The role of reactive phosphate species in the abatement of micropollutants by activated peroxymonosulfate in the treatment of phosphate-rich wastewater

Abstract

This study investigated the mechanisms of forming reactive species to degrade micropollutants through the activation of peroxymonosulfate (PMS) by phosphate, a prevalent ion in wastewater.
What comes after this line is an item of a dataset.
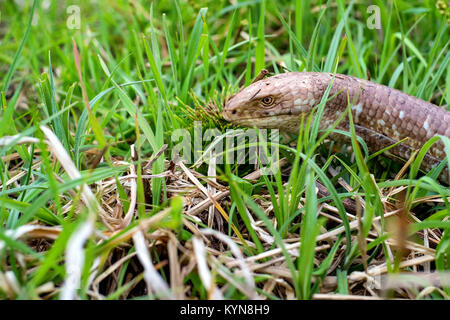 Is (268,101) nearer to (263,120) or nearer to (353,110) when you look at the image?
(263,120)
Considering the density functional theory results, the formation of hydrogen bonds between phosphate and PMS molecules might be the crucial step in the overall reactions, which prefers producing ^⋅OH and reactive phosphate species (RPS, namely H₂PO₄^⋅, HPO₄^⋅-, and PO₄^⋅2-) to yielding SO₄^⋅-. Besides, in the phosphate (5 mM)/PMS system at pH = 8, HPO₄^⋅- was modeled to be the dominant radical with a steady-state concentration of 3.6 × 10^-12 M, which was 666 and 773 times higher than those of ^⋅OH and SO₄^⋅-. The contributions of ¹O₂, ^⋅OH, SO₄^⋅-, and RPS to the micropollutant decomposition in phosphate/PMS were studied, and RPS were found to be selective for micropollutants with electron-donating moieties (such as phenolic and aniline groups). Additionally, the degradation pathways of bisphenol A, diclofenac, ibuprofen, and atrazine in phosphate/PMS were proposed according to the detected transformation products. Cytotoxicity analysis was carried out to evaluate the potential environmental impacts resulting from the degradation of micropollutants by phosphate/PMS. This study confirmed the significance of RPS for micropollutant degradation during PMS-based treatment in phosphate-rich scenarios.

Keywords: Hydroxyl radical; Peroxymonosulfate; Reactive phosphate species; Sulfate radicals; Wastewater treatment.